(ACTION ITEM):
For the entries below, print exactly the lines between the line holding "Mục kích đặc" and the line holding "Joyce Kong, Sales representative", inclusive, and nothing else.

(SUPPLIED INFORMATION):
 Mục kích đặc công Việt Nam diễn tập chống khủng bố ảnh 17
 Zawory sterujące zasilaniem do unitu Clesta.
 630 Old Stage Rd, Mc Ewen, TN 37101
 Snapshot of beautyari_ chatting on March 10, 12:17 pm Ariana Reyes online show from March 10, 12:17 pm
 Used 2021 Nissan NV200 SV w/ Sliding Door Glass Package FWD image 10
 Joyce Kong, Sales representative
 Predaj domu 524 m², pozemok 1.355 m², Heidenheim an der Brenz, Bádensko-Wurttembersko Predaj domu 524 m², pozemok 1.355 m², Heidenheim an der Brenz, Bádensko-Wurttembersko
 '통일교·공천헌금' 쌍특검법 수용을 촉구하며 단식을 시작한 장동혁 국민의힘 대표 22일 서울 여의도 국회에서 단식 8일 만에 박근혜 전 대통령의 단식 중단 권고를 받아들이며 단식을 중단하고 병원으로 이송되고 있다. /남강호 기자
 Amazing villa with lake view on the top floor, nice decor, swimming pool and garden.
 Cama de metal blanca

* * *

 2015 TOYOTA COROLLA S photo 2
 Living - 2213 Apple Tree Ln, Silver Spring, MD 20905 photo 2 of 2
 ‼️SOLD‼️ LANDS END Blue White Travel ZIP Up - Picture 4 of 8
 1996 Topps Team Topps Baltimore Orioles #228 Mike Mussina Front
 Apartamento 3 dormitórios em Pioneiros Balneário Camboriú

--

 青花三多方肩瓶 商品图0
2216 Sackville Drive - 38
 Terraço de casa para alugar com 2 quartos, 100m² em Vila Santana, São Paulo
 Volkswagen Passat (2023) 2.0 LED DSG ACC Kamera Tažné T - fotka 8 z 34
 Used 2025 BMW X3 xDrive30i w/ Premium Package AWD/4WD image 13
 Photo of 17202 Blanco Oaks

(OUTPUT OF THE EXERCISE):
 Mục kích đặc công Việt Nam diễn tập chống khủng bố ảnh 17
 Zawory sterujące zasilaniem do unitu Clesta.
 630 Old Stage Rd, Mc Ewen, TN 37101
 Snapshot of beautyari_ chatting on March 10, 12:17 pm Ariana Reyes online show from March 10, 12:17 pm
 Used 2021 Nissan NV200 SV w/ Sliding Door Glass Package FWD image 10
 Joyce Kong, Sales representative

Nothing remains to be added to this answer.